The default for mapIds's multiVals argument is "first" so only the first entry is used, which is probably fine. You could try to add the multiVal argument to idMap to push to mapIds, but you'd have to restrict it so that only 1 to.ID was returned. If you want to report the number of from.IDs that had > 1 to.ID, you could add something like:

> y <- mapIds(org.Hs.eg.db, keys = rownames(airSE), keytype = "ENSEMBL",
+        column = "ENTREZID", multiVals = "list")
'select()' returned 1:many mapping between keys and columns
> sum(vapply(y, length, numeric(1)) > 1)
[1] 104

Finally, to resolve cases where >1 from.ID map to the same to.ID, your current implementation is to use the first one. However, if the rowData of the summarizedExperiment has p-values, I'd like the option of keeping the from.ID that had the lowest p-value. Thanks!!

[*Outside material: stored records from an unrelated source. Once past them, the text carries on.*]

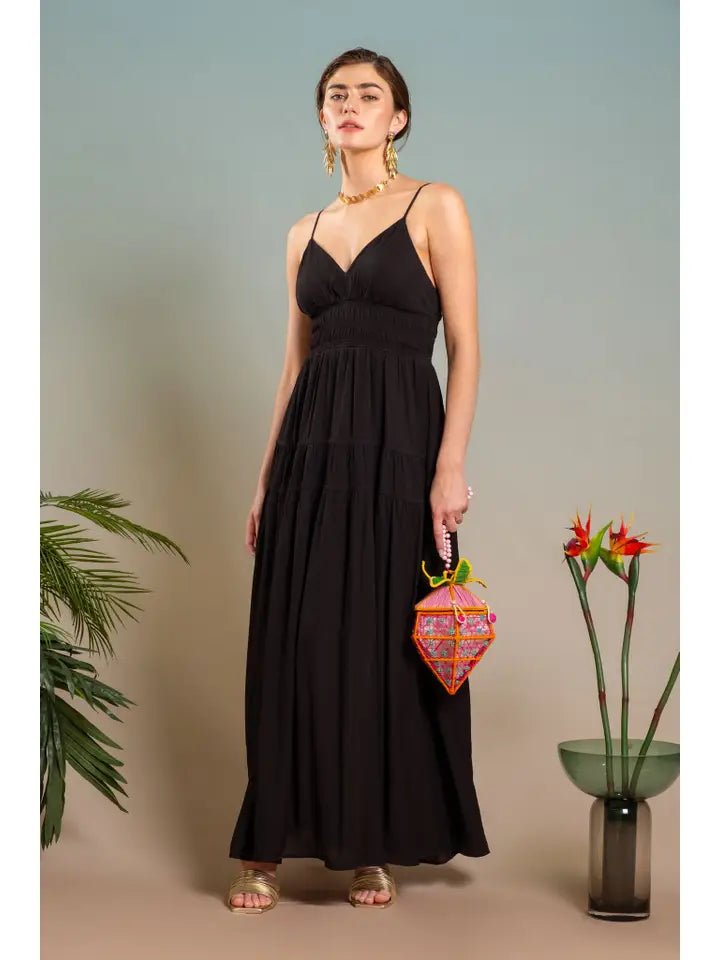 Blu Pepper V Neck Shirred Waist Sleeveless Midi Dress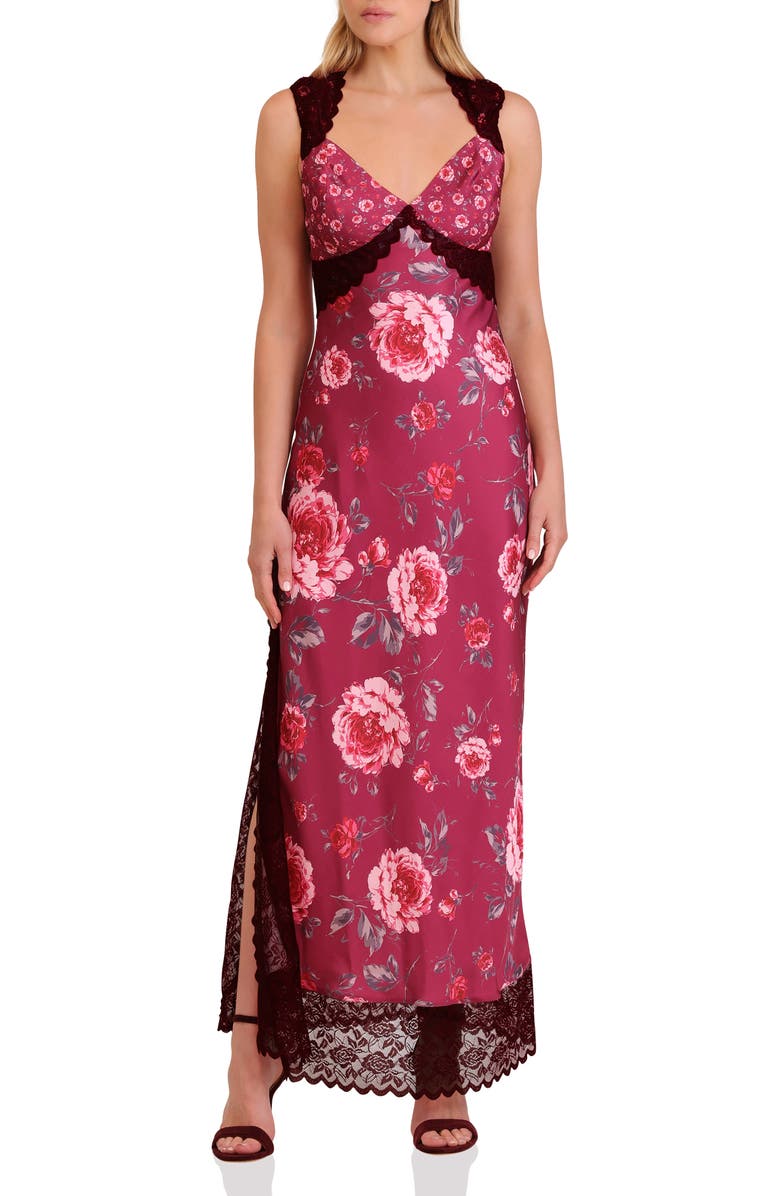 Avec Les Filles Bias Cut Lace Trim Slipdress, Main, color, Pink Peony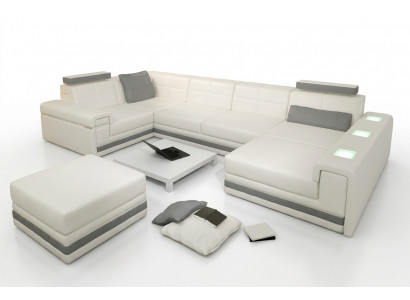 Ecksofa Sofa Wunnlandschaft U-Form Polster Couch Ledersofa + Schemel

lgeistlinger commented 6 years ago

Thanks for reporting + I'll be looking into this!

jdrnevich commented 6 years ago

I just learned about lengths()!! No need for the vapply:

sum(lengths(y) > 1)

lgeistlinger commented 6 years ago

Short follow-up:

I confirm that this is a bug and has been fixed in devel (EnrichmentBrowser 2.11.8) and release (EnrichmentBrowser 2.10.5).

Thanks for providing illustrative code - that made it easy!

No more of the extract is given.